I believe that for any physical quantity, to know what significance it has in any situation or that it's different from other quantities, we have to first start by assigning a value to it, or some means of comparison.
For example, empirical temperature started with a lot of experiments on thermal equilibrium and so on, until we knew what it was (at least it's effect on thermal equilibrium state) and then we made devices that can measure it and so we could assign a value to compare between temperatures.
I want to know what exactly is the definition of mass in Newtonian mechanics, I'm not looking for what do we know about mass now or how do we interpret it..etc, I want to know how was mass measured and assigned a numerical value and what are the criteria for saying that two bodies have the same "mass number", do they behave the same in specific experiments or what?
Best Answer
Consider a pair of bodies $b_1$ and $b_2$ in an inertial reference frame. If the bodies $b_1$ and $b_2$ are far from the other objects of the universe and to each other, they have constant velocity. As soon as they become sufficiently close to each other accelerations take place in view of the interactions between them. However physical evidence shows that, inedpendently form the nature of the interaction, there are two strictly positive constants $m_1,m_2$ such that $$m_1 \vec{v}_1 + m_2 \vec{v}_2 = \vec{constant} \quad \mbox{in time}\tag{1}$$ even if $\vec{v}_i$ change in time.
If you replace $b_2$ for $b'_2$, you see that $m_1$ does not change, it is a property of $b_1$ only.
Furthermore, changing inertial reference frame masses do not change.
Another classical property of the mass is that if the two (or more) bodies impact and give rise to a third body $b_3$ it turns out that $m_3 = m_1+m_2$. The same happens if a body breaks down into two (or more) bodies.

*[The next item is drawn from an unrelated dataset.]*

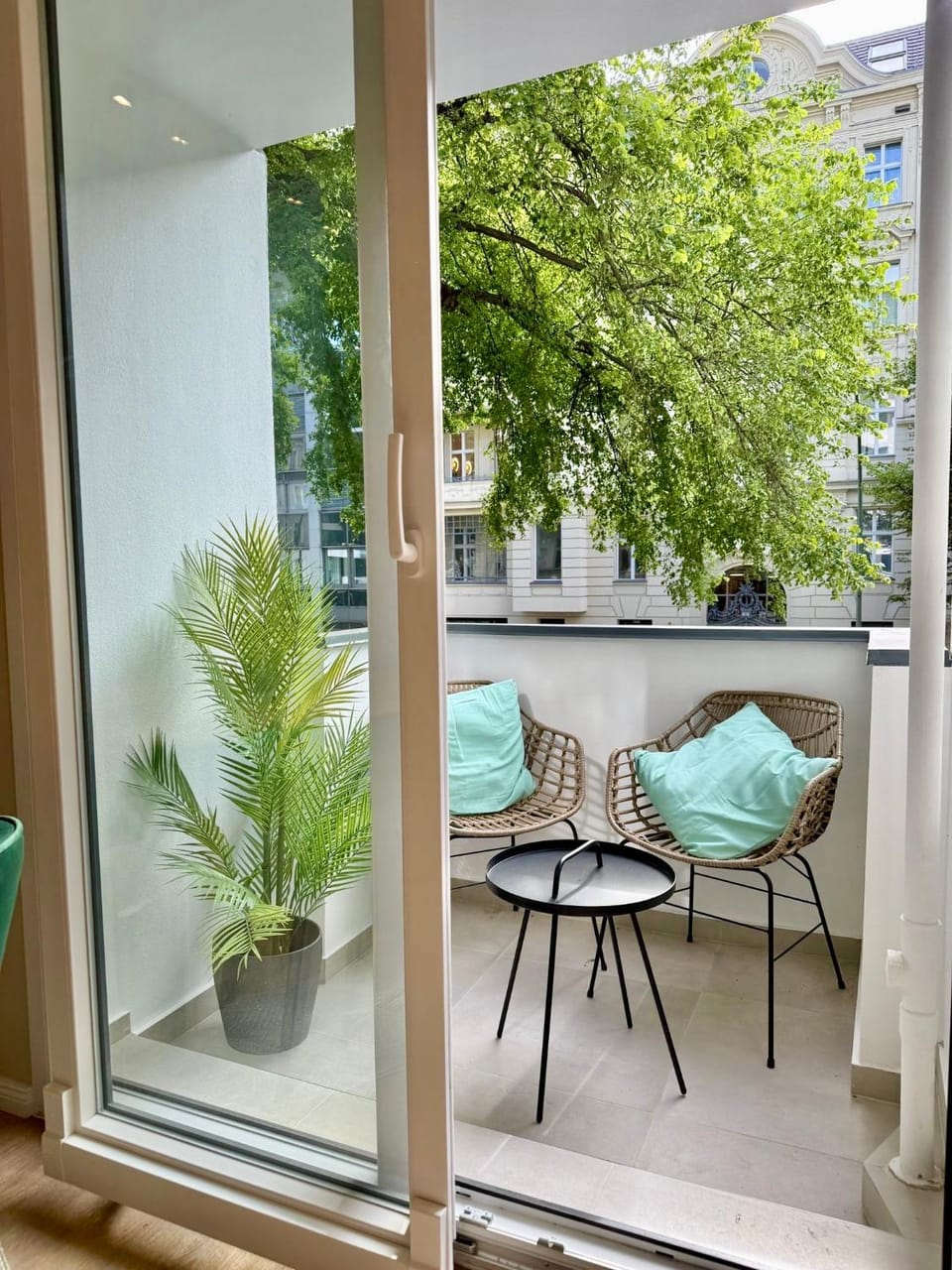 View (from property/room), Balcony/Terrace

(1) can ideally be exploited to measure the mass of bodies. Assume per definition that a fixed body has unit mass $1$. To measure the mass $m$ of $b$, just measure the velocities in two different instants when they are different in view of the interaction of the bodies, $$1\vec{V}(t) + m \vec{v}(t) = 1\vec{V}(t') + m \vec{v}(t')$$ and thus $$1(\vec{V}(t) -\vec{V}(t')) = m (\vec{v}(t')-\vec{v}(t))$$ this identity determines $m$ univocally.